0

I'm trying to get my Elasticsearch indices to use the Porter stemming algorithm, but my custom analyzer isn't defined when I test with the _analyze endpoint.

I've looked at the ES documentation and similar questions on SO, and I'm not sure what the problem is. I tried using a separate PUT request for the settings when creating the index, but that had no effect.

This is how I create the mappings:

@staticmethod
    def make_mapping():
        mapping = {
            'settings': {
                'analysis':
                {
                    'analyzer': {
                        'porter_english': {
                            'type': 'custom',
                            'tokenizer': 'standard',
                            'stopwords': '_english_',
                            'filter': ['lowercase', 'porter_stem']
                            }
                        }
                    }
                },
            'mappings': {
                'properties': {
                    'published': {
                        'type': 'boolean'
                    },
                    'title': {
                        'type': 'text',
                        'analyzer': 'english'
                    },
                    'date': {
                        'type': 'date'
                    },
                    'description': {
                        'type': 'text',
                        'analyzer': {
                            'porter_english': {
                                'type': 'custom',
                                'tokenizer': 'standard',
                                'stopwords': '_english_',
                                'filter': ['lowercase', 'porter_stem']
                            }
                        }
                    },
                    'keywords': {
                        'type': 'text',
                        'analyzer': {
                            'porter_english': {
                                'type': 'custom',
                                'tokenizer': 'standard',
                                'stopwords': '_english_',
                                'filter': ['lowercase', 'porter_stem']
                            }
                        }
                    },
                    'price': {
                        'type': 'float'
                    }
                }
            }
        }
        return mapping

This is the function that creates the indexes from the mapping.

def init_elasticsearch():
    es = elasticsearch.Elasticsearch(['http://localhost:9200'])
    # idx_client = elasticsearch.client.IndicesClient(es)
    for i in searchables.included:
        index_name = camelTo_snake(i.__name__)
        index_m = i.make_mapping()
        index_uri = "{}/{}".format(current_app.config['ELASTIC_URI'], index_name)
        create_index = requests.put(index_uri, json=index_m)
        init_settings = requests.put(index_uri, json=index_m['settings'])

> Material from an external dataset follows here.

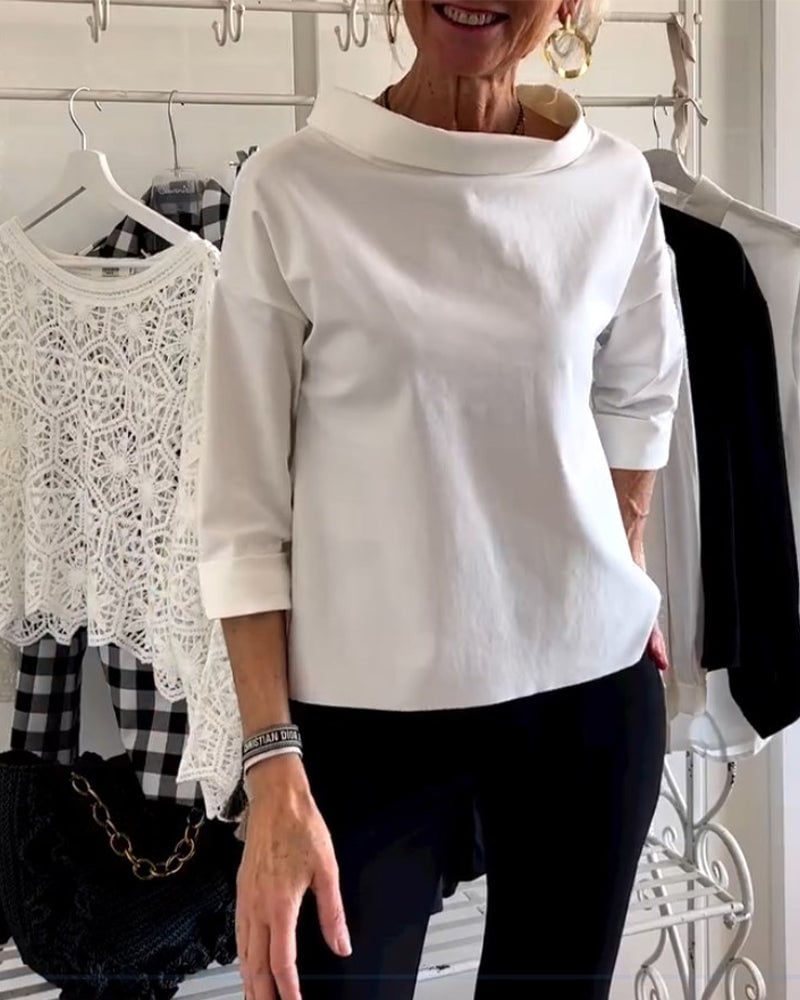 💖Last day! 💥Special sale - Casual Wide Lapel Half Turtleneck Top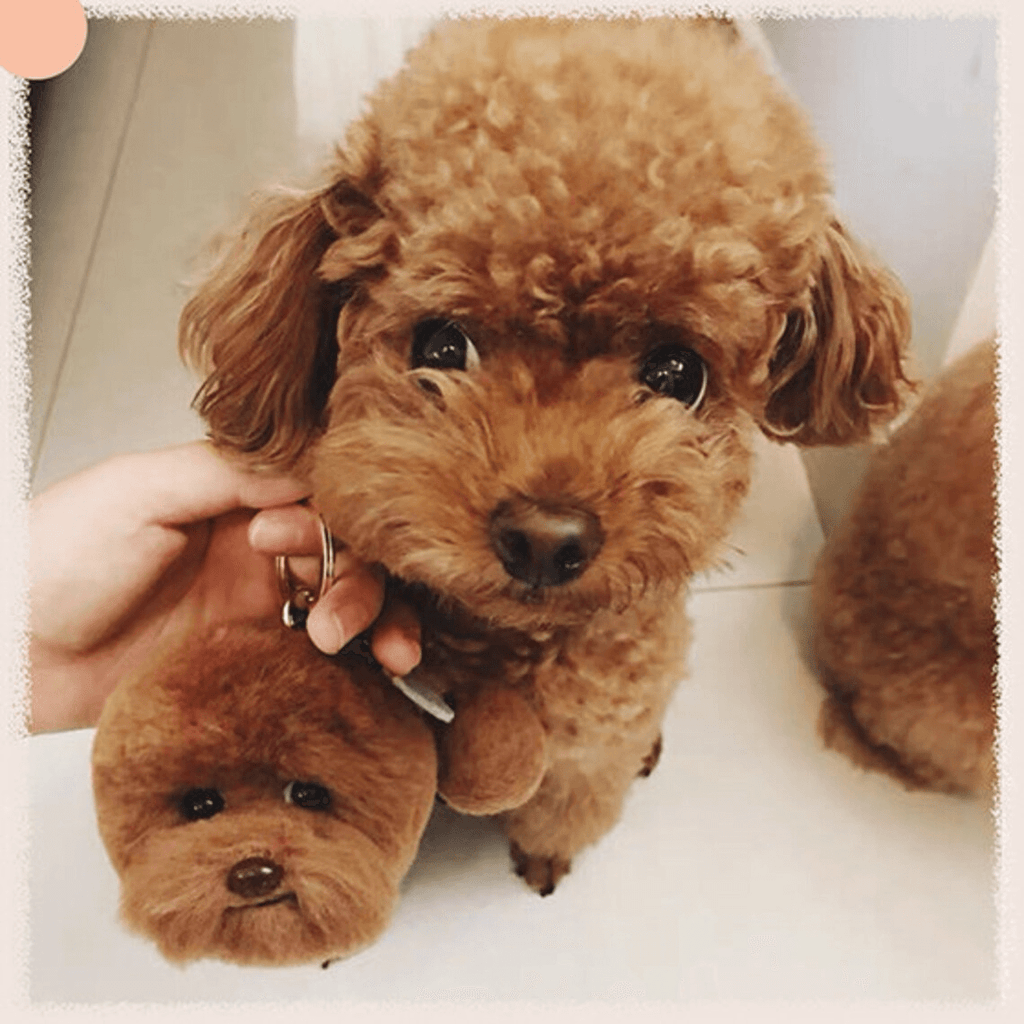 Custom Wool Felt Pet Car Charm – Personalized Pet Head Keychain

And this is all I get if I query the settings:

>>> g = requests.get(e + '/gallery_item/_settings')
>>> g.text
'{
    "gallery_item":{
        "settings":{
            "index":{
                "creation_date":"1564789941204",
                "number_of_shards":"1",
                "number_of_replicas":"1",
                "uuid":"SgkEBN4nTxWUCeSGWMwbGw",
                "version":{"created":"7020099"},
                "provided_name":"gallery_item"
             }
         }
    }
}'

I just need those two fields to use the porter_stem token filter.

Kevin Quinzel
  • 1,430
  • 1
  • 13
  • 23

2 Answers2

0

Have you considered using the Python ES client instead of using requests?

It lets you easily manipulate everything related to your cluster: From creating indices, setting properties, do queries, etc.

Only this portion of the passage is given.